De regering moet het parlement bij de maatregelen betrekken door binnen acht weken nadat de minister een ziekte aan groep A heeft toegevoegd een wetsvoorstel in te dienen waarin deze groep A-status wordt bevestigd. Daarvoor heeft minister Bruins dus tot 24 maart de tijd.

Bovendien toetsen een officier van justitie én de rechter iedere individuele maatregel. De voorzitter van de veiligheidsregio informeert de officier van justitie over een getroffen maatregel (bijvoorbeeld een gedwongen opname).
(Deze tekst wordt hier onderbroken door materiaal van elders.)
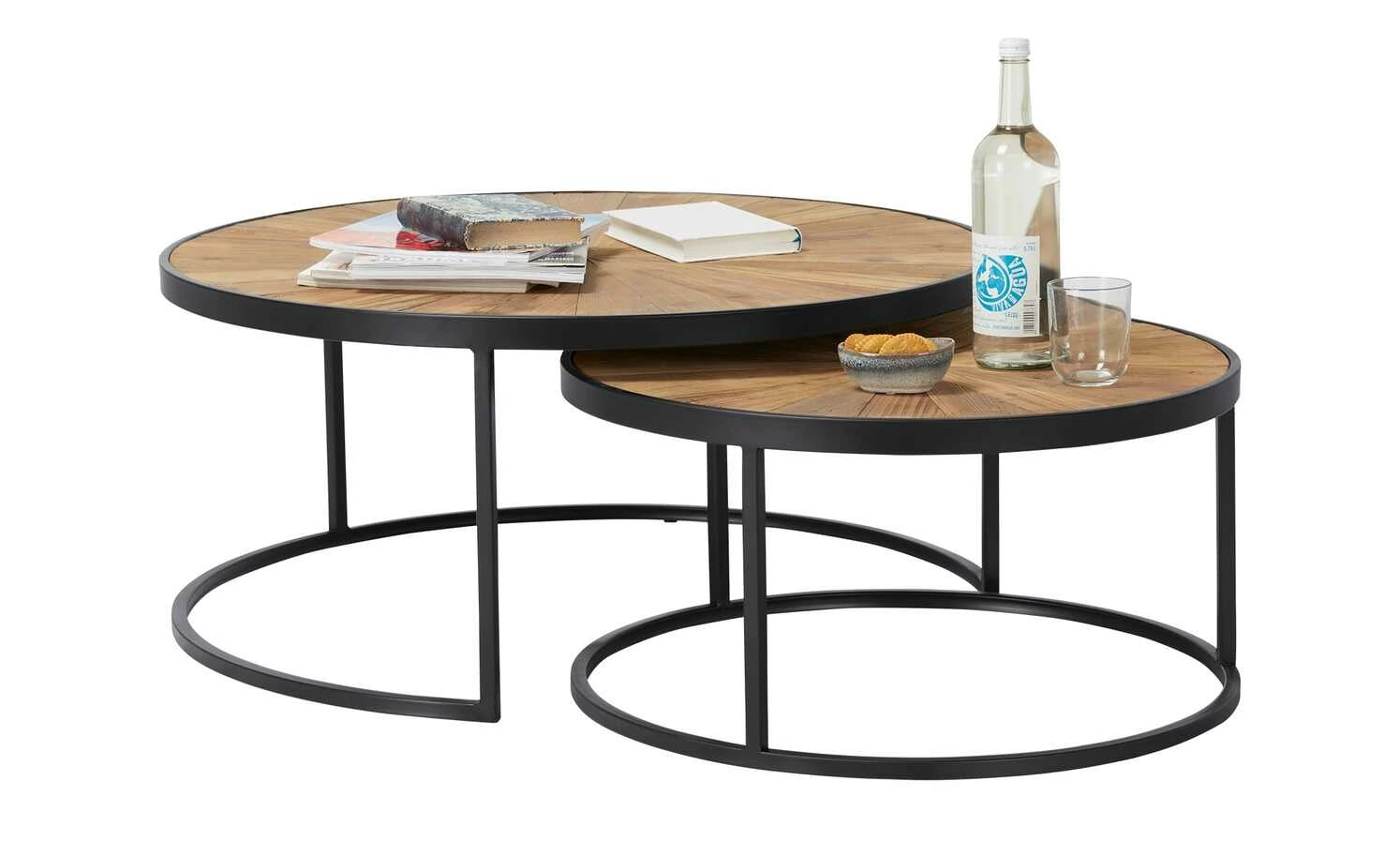 Couchtisch, 2er-Set Pellestrina Couchtisch, 2er-Set Pellestrina -Tische Verkäufe 11328730 6 202203071234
Als de officier van justitie de maatregel niet terecht vindt, wordt die beëindigd. Als de officier van justitie het eens is met de maatregel, vraagt hij de rechtbank een ‘machtiging tot voortzetting’ van de maatregel. De rechter is vervolgens verplicht de betrokkene ‘op zijn verblijfplaats’ te horen. Vervolgens neemt de rechter een beslissing (zie link voor een recente beslissing over isolatie bij tuberculose). De procedure is snel en eenvoudig: de rechter moet binnen drie dagen beslissen en er is geen hoger beroep.

Slot

Het is in zekere zin geruststellend dat de Nederlandse wetgeving is voorbereid op mogelijke 2019-Coronagevallen. Niettemin hoop ik dat de toepassing daarvan niet nodig zal zijn.